## YOUR GOAL
Although the records contain pictures, only their text should be reproduced, exactly as written.

## EXTRACTED DATA
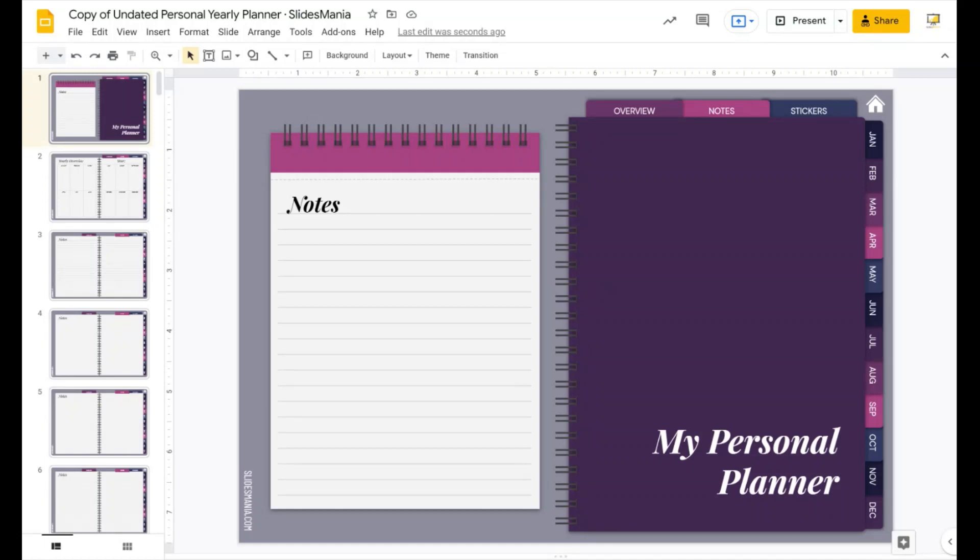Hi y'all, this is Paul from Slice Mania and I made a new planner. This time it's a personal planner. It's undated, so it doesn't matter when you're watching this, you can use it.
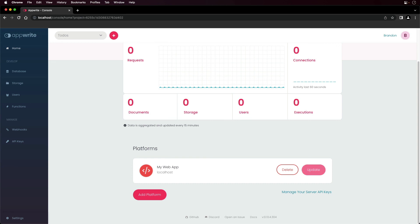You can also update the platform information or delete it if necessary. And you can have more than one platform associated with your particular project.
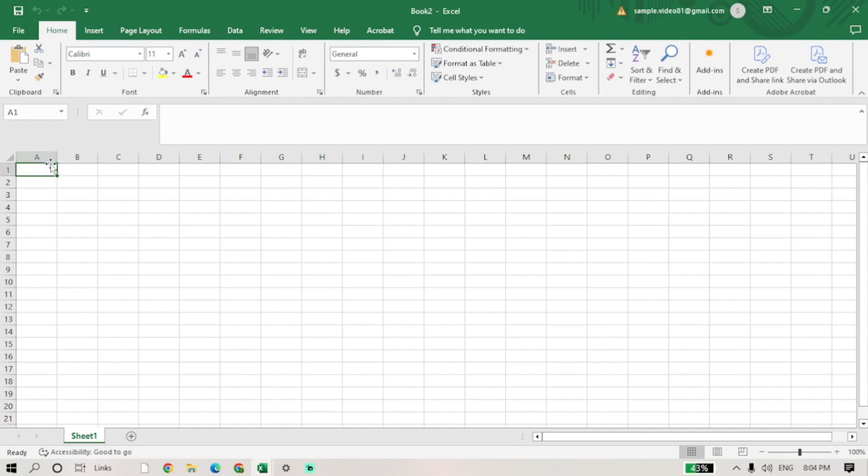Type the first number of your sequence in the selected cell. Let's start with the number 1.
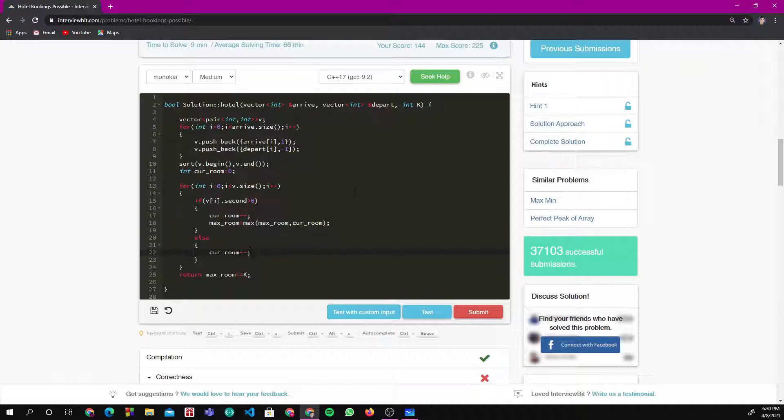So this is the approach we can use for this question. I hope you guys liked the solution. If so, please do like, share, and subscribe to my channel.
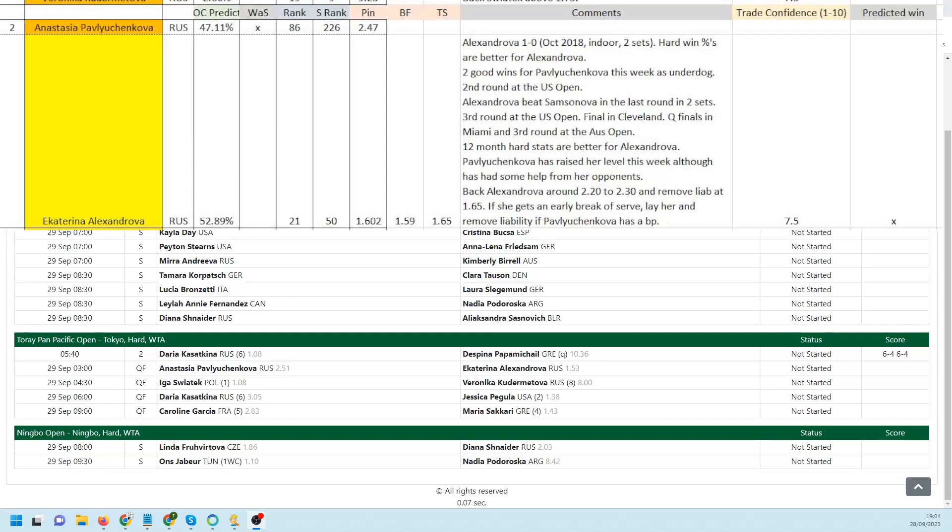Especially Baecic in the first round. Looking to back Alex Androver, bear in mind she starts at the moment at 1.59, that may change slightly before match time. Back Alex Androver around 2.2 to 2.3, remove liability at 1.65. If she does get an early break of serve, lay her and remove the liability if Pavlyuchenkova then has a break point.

## YOUR SOLUTION
Hi y'all, this is Paul from Slice Mania and I made a new planner. This time it's a personal planner. It's undated, so it doesn't matter when you're watching this, you can use it.
You can also update the platform information or delete it if necessary. And you can have more than one platform associated with your particular project.
Type the first number of your sequence in the selected cell. Let's start with the number 1.
So this is the approach we can use for this question. I hope you guys liked the solution. If so, please do like, share, and subscribe to my channel.
Especially Baecic in the first round. Looking to back Alex Androver, bear in mind she starts at the moment at 1.59, that may change slightly before match time. Back Alex Androver around 2.2 to 2.3, remove liability at 1.65. If she does get an early break of serve, lay her and remove the liability if Pavlyuchenkova then has a break point.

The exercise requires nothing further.